(Information supplied):
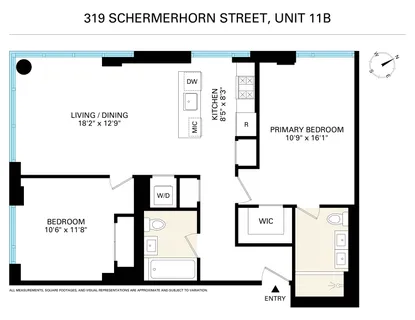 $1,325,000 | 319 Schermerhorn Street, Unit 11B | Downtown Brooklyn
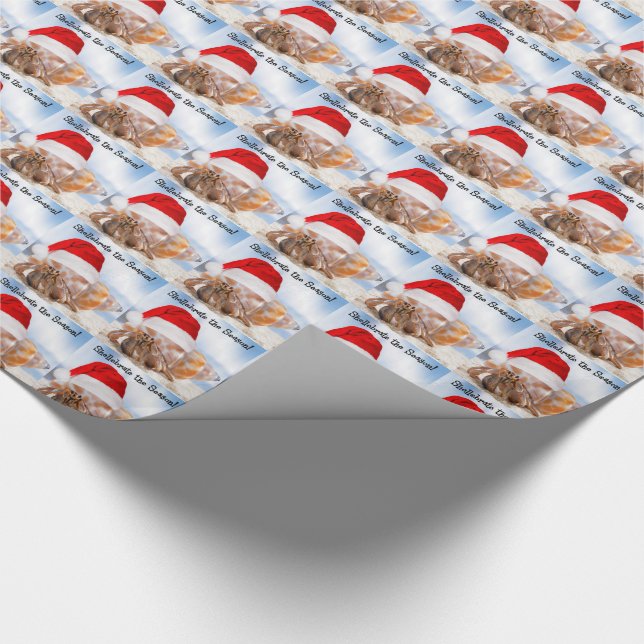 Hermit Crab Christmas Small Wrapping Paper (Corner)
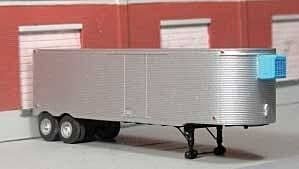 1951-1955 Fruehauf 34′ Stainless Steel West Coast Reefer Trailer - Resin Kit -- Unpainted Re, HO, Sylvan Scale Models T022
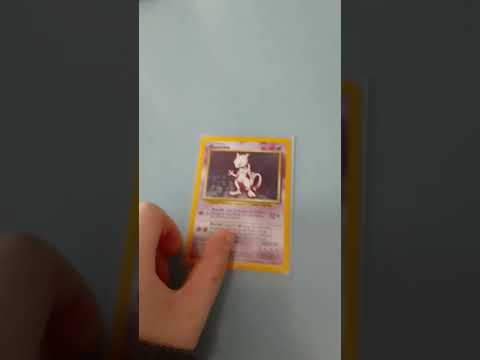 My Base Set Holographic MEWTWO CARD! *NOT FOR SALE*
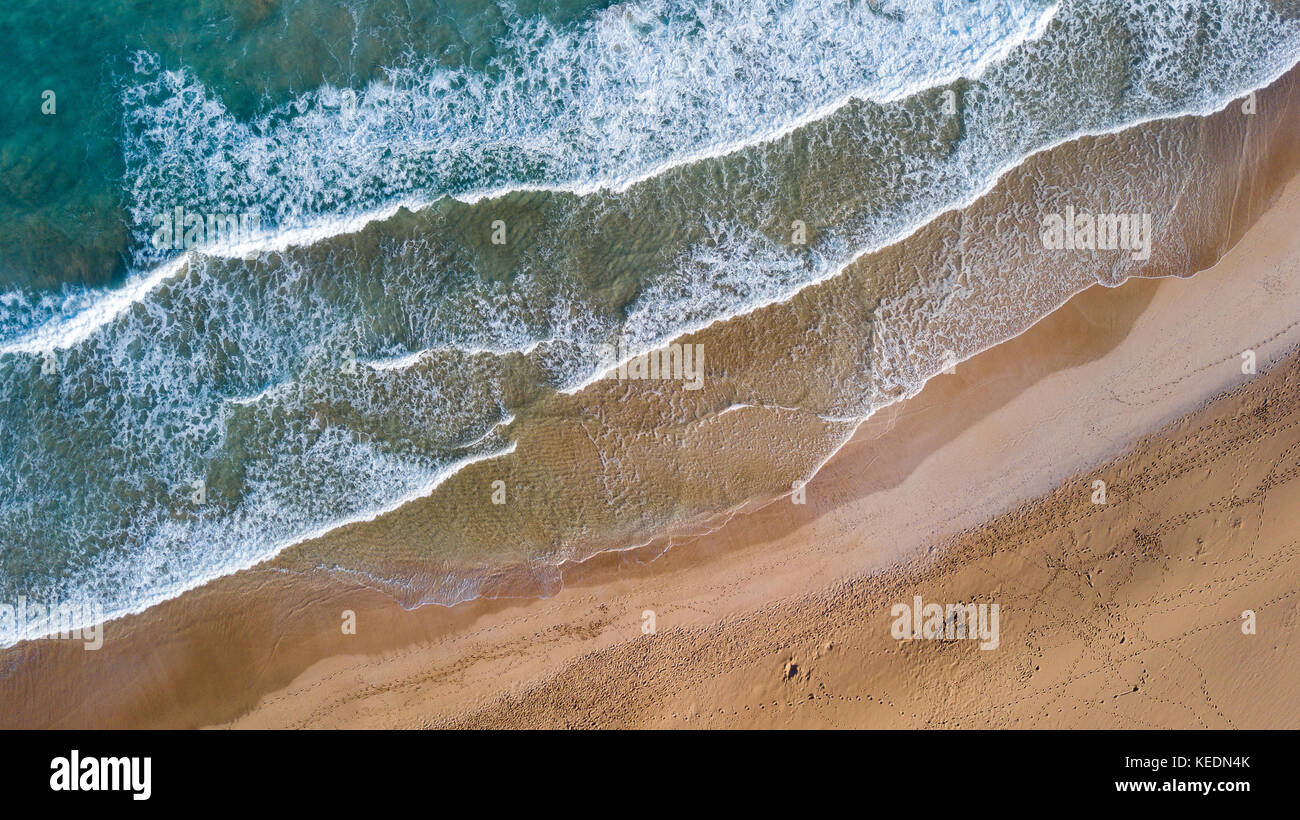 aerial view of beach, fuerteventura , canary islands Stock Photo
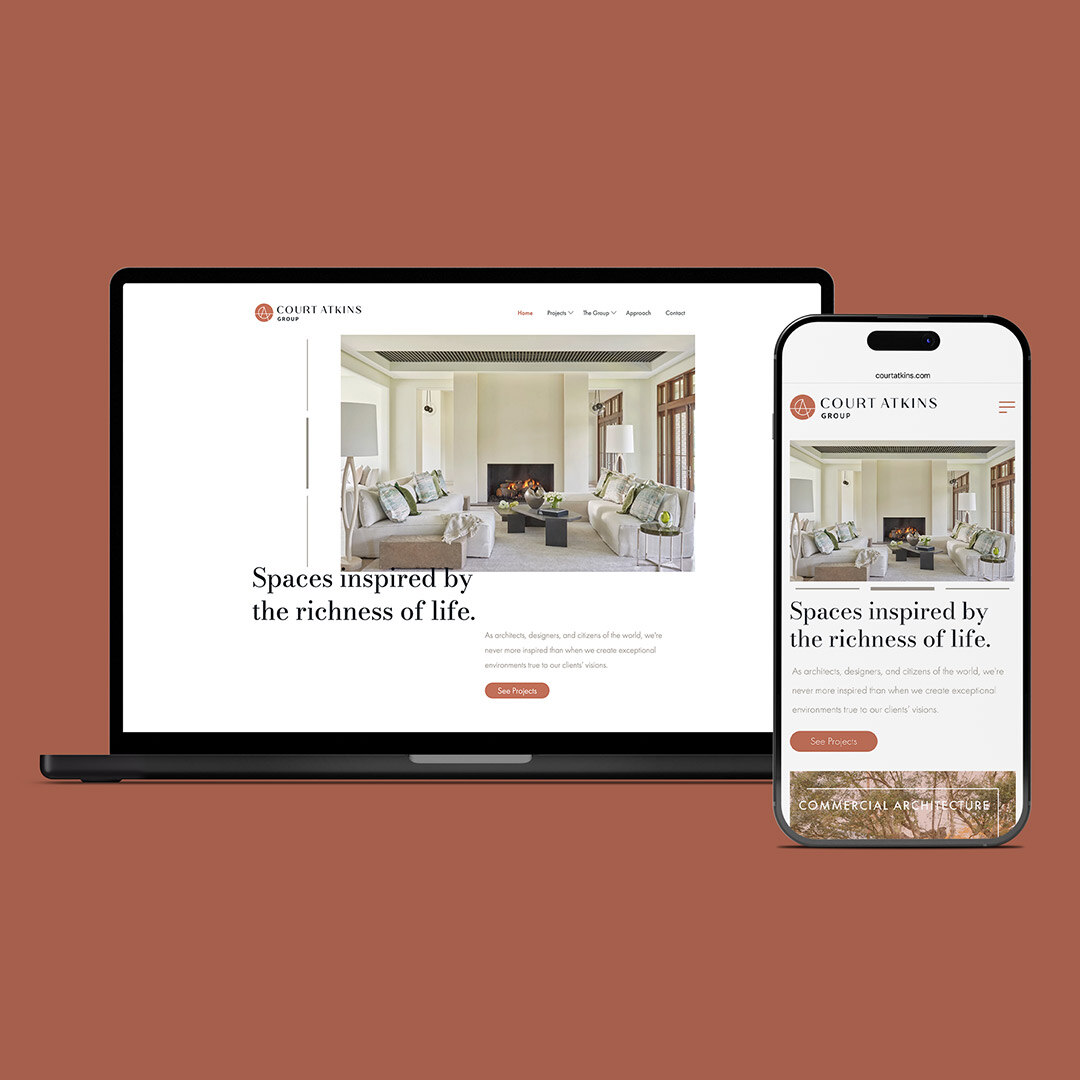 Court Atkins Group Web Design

(Assignment): Where a picture appears, skip it and copy the rest of the data word for word.

(Solution to the problem):
 $1,325,000 | 319 Schermerhorn Street, Unit 11B | Downtown Brooklyn
 Hermit Crab Christmas Small Wrapping Paper (Corner)
 1951-1955 Fruehauf 34′ Stainless Steel West Coast Reefer Trailer - Resin Kit -- Unpainted Re, HO, Sylvan Scale Models T022
 My Base Set Holographic MEWTWO CARD! *NOT FOR SALE*
 aerial view of beach, fuerteventura , canary islands Stock Photo
 Court Atkins Group Web Design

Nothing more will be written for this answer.